This gives $f(-y) = f(0)f(y)-f(a)f(a+y)$ or $f(-y) = f(y)$. Then let $x = a$.

This gives $f(a-y) = f(a)f(y)-f(0)f(a+y)$ or $f(a-y)+f(a+y) = 0$.

In this equation, set $y = x-a$. This gives $f(a-(x-a))+f(a+(x-a)) = 0$ or $f(a-x+a) = f(2a-x) = -f(x)$ as desired.

I dont think that finding a closed form is easy.

$\bullet \quad x=y=0$ $\rightarrow $ $f(a)=0.$

$\bullet \quad x=0 \rightarrow f(y)=f(-y)$. i.e., $f$ is an even function.
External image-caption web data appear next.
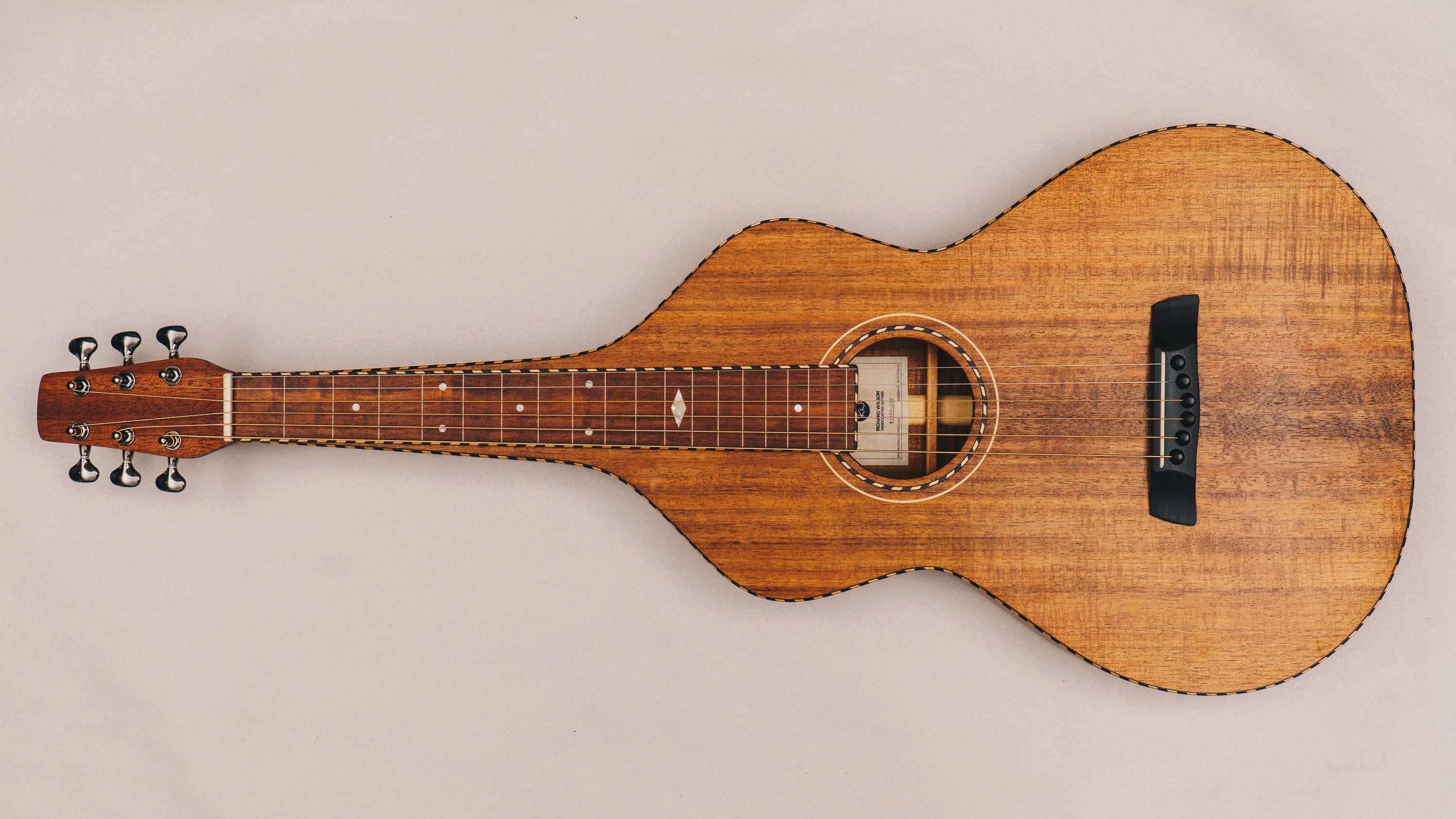Tasmanian Blackwood Style 3 Weissenborn Acoustic Lap Steel Slide Guitar by master luthier Richard Wilson. Handcrafted in Australia. Serial no. RW1809-228.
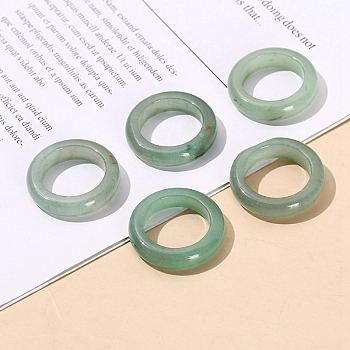 Natural Green Aventurine Plain Band Finger Rings, Inner Diameter: 18~20mm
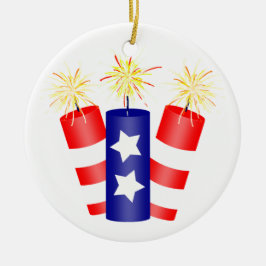 Trio van Firecrackers voor 4 juli Keramisch Ornament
$\bullet \quad x=y=a \rightarrow f(2a)=-1$

$\bullet \quad y=2a \rightarrow f(x-2a)=f(2a-x)=-f(x)$

Writing out $f(a-0)$ one realizes that $f(a)=0$. Knowing that it is easy to check that $f(-a)=f(0-a)=0$ and that writing out $1=f(a-a)$ leads to $f(2a)=-1$. With this we can write out

$$

f(2a-x)=\underbrace{f(2a)}_{-1}f(x)-\underbrace{f(a-2a)}_0f(a+x)=-f(x)

$$

But then I do not know much more by now.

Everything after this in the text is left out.